◆ **Data to examine**:
▬▬▬▬▬▬▬▬▬▬
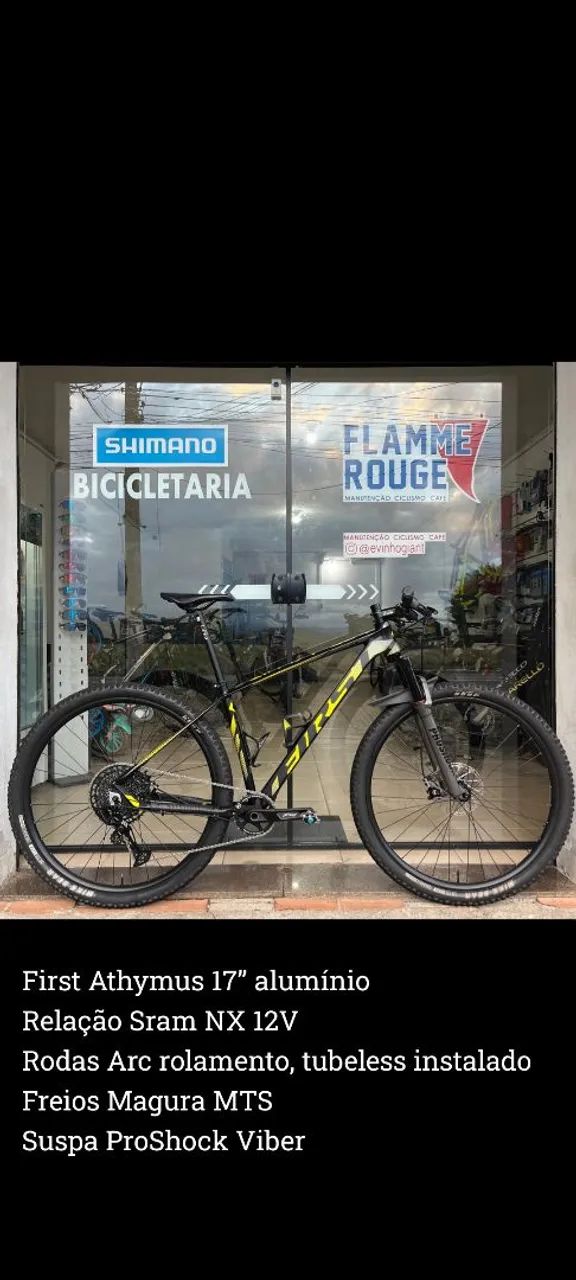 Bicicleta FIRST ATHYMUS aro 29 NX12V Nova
▬▬▬▬▬▬▬▬▬▬
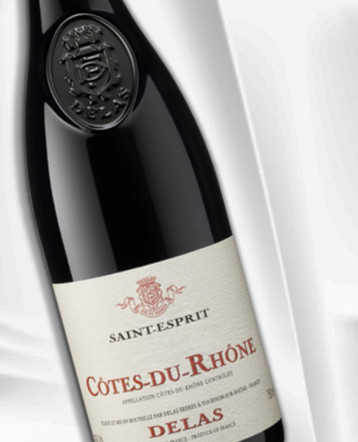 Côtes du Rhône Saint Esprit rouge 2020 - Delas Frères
▬▬▬▬▬▬▬▬▬▬
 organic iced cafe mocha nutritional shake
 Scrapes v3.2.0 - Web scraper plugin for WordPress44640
▬▬▬▬▬▬▬▬▬▬
◆ **Task goal**: Everything from the line with "organic iced cafe mocha nutritional shake" through the line with "Scrapes v3.2.0 - Web" in the listing above must be retyped exactly, with nothing added.

◆ **Written answer**:
 organic iced cafe mocha nutritional shake
 Scrapes v3.2.0 - Web scraper plugin for WordPress44640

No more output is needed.